Doug Miller runs a family health clinic in Rocky Ford, a town of fewer than 4,000 residents in Colorado’s Lower Arkansas Valley. And “runs” perfectly describes his work.
“There are days I pray for a no-show,” he says, laughing. Miller, a nurse practitioner, has owned the Rocky Ford Family Health Center since 2003 but has worked there since 1998.
For many years, Miller was the sole provider at the clinic, seeing as many as 125 patients a week as part of a total patient population of more than 2,000. That’s a heavy caseload for any family care provider. It’s one Miller describes as unsustainable.
But Rocky Ford has been home for nearly 20 years and he didn’t want to leave. Instead, he brought on another full-time nurse practitioner. The clinic is now open 11 hours a day most weekdays. But even with longer hours, two care providers and a declining population — the number of Rocky Ford residents has dropped by about 400 since 2000 — Miller still finds it difficult to keep up with his town’s health care needs.
Though it’s a private clinic, nearly three of four patients are Medicaid clients, not surprising in a town with a median income of about $26,000, more than $33,000 below the statewide median income. Only 75 percent of residents have a high school diploma compared with 90 percent statewide.

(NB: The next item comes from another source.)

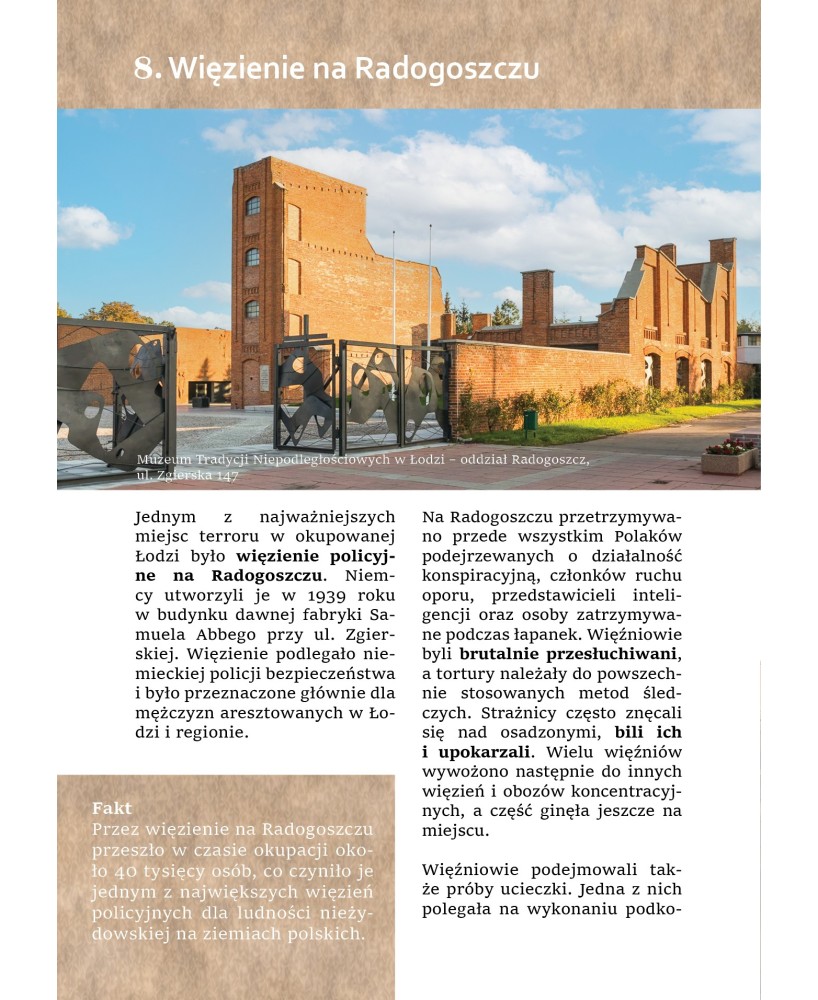 Łódź podczas zaborów i okupacji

And many patients experience health challenges such as diabetes, hypertension and depression, a reflection of those socioeconomic factors. Still, skipped appointments are not uncommon in Rocky Ford. “You know, life gets in the way for so many people,” says Miller. “And the lower you are on the economic scale, the easier it is for life to get in the way of appointments.”

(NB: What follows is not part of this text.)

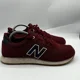 thumbnail image 1 of New Balance Mens 501 MZ501KSC Red Casual Shoes Sneakers Size 8.5 D, 1 of 5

Miller, already a bit of a pioneer with his nurse practitioner-owned practice, is experimenting with new ways to better care for his patients. He won a State Innovation Model (SIM) grant to integrate behavioral health care into his clinic. A counselor from Southeast Health Group now sees patients during their primary care visits. While this partnership just began last month, Miller has a simple goal.
“My hope is that people would just be able to deal with life better.” SIM and other projects offer exciting opportunities for the Rocky Ford Family Health Center.
But at the end of the day, it’s Miller’s deep commitment to his community, his understanding of challenges outside of health care and his can-do spirit that is moving the needle.